What is beyond the quantum veil, beyond the physical universe, and beyond the land of our dreams? Based on Sri Yukteswar’s cyclic concept of time and the development of mental virtue, G. Spencer Brown’s Laws of Form, and the esoteric teachings of all the mystic geniuses of all of Earth’s history, - almost all of reality! The reduction valves of our senses only allow us to see a fraction of it. But, even that fraction reflects a bit of the wonder and bliss of Reality. That is why we can be enthralled by the majesty of a mountain range capped with snow, the exquisite beauty of a rose, or the wonder of a starry night. The rest of this book is dedicated to the chronicling of part of our journey together, Jacqui’s and mine, with Jacqui in the spirit world, and me incarnate, working together to do our part to help humankind reach our goal: The goal of all existence, Cosmic Consciousness!


The beauty of the paradigm shift my research partner and spiritual brother, Dr. Vernon Neppe and I call the Triadic Dimensional Vortical Paradigm (TDVP), is that it provides a logical theoretical framework within which to explain the experience of working with someone who has gone beyond the quantum veil into the greater reality of the Spirit world, the so-called “other side”. Within that framework, we can see how the Spirit world is not something wholly apart from physical reality: In the dimensionometry of TDVP, the spirit world and physical reality are not disconnected realms, separated in a way that ‘never the twain shall meet’. On the contrary, the physical domain of three dimensions of space and one dimension of time is a sub-domain existing within the spiritual domain of consciousness, in the same way a line exists within a plane, or a plane exists within a volume.

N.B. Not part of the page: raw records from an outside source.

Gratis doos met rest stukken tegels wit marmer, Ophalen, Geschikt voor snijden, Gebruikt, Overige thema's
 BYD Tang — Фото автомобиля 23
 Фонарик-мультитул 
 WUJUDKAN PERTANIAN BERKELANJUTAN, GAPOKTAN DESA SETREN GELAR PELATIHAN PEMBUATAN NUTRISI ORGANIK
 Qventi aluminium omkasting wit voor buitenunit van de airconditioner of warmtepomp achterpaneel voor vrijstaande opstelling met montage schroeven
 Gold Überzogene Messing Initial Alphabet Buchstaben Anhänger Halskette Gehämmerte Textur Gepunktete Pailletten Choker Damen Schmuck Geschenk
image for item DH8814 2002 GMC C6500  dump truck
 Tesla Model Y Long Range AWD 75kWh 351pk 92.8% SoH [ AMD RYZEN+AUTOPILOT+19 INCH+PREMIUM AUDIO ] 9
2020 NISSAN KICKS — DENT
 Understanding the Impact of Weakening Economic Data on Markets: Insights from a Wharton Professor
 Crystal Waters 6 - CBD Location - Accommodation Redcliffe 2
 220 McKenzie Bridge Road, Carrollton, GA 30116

Beyond what we normally perceive through the physical senses, the spiritual domain with its embedded physical world is immersed in, and surrounded by the infinitely continuous matrix of Primary Consciousness. In the same way physical reality is a sub-domain, embedded within spiritual reality, the logical structures and patterns of the physical universe, which we call the laws of science, are a sub-set of the greater logical structure of Primary Consciousness. That part of the logic of the greater logical structure of Primary Consciousness is conveyed down into the physical domain by the existence of gimmel, the non-physical, organizing aspect of physical reality, found in every discrete, spinning vortex-like (vortical) particle, viz., quarks, protons, neutrons and atoms, that make up stable, life supporting physical reality. With this link-up of experience with the mathematical logic and science of the TDVP, Jacqui and I will continue to tell our story.